Finding Macro subjects.
It can be hard to find those elusive bugs and insects unless you know how to go about it. Sometimes those bits of wild unattended land can produce worthy subjects, and so can our own gardens if we know how to search. It takes time, and casually walking about usually only succeeds in scaring off any subjects. I find it best to sit near a shrub keeping still for a while, because your approach will have alerted any bug and it will slide out of sight, but when it perceives that there is no danger it usually appears again. I keep slowly moving around from shrubs to plants and NEVER get between the sun and a subject as this will tell it a predator is about to pounce and off it goes. Keeping very still after each time you move will pay off, just watch and observe what's happening in the greenery and it's surprising what you'll see that you didn't see at first. Moths have amazing camoflage and can only be seen after staring for a while at each leaf in turn. Each plant and shrub will have it's own types of guests, I only found out this morning that a brown and green shiny bug lives in our Lavender shrub, and nowhere else. It can be seen in the gallery. Yes patience is needed to find our macro subjects, but it pays off. A little practice is very useful and a lot of knowledge will be gained on what lives where, and how to photograph our little tiny friends. It's well worth practicing macro photography when there may be not much else going on, in the garden there's always something happening!.
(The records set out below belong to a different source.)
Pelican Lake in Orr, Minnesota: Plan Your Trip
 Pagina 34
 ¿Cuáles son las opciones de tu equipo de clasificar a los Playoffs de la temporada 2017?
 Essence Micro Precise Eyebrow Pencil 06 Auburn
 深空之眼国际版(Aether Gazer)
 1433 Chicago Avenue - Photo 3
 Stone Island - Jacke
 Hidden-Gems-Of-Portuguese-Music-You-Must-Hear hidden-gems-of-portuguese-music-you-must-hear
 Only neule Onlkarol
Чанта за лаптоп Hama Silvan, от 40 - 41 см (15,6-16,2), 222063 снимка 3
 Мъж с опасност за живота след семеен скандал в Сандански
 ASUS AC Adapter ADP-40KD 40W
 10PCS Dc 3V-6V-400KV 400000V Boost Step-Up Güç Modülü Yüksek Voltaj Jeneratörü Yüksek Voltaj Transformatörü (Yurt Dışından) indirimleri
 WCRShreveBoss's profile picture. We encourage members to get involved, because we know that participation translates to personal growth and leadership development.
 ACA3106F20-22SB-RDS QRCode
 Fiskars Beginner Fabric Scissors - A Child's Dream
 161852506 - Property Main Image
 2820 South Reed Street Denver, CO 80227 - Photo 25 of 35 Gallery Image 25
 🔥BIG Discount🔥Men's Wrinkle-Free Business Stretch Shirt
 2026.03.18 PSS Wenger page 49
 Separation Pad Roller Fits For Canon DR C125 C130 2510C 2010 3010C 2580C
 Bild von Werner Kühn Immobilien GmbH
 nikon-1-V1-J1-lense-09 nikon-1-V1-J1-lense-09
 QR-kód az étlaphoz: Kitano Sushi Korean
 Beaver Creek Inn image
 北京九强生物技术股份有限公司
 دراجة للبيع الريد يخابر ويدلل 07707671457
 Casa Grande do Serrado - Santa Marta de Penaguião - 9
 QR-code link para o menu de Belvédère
What i do is leave a small corner of our garden solely for weeds.I find lavender plants are great for butterfly's an bees. When i take the dogs out their walks i always stick a magnifier in my pocket, then come back and pick up my camera... graham
That's very good my friend, and taking a magnifier is a good way to spot our tiny friends. I just use my glasses instead which do the job ok. Thanks for the tip Graham. All the best, Mike.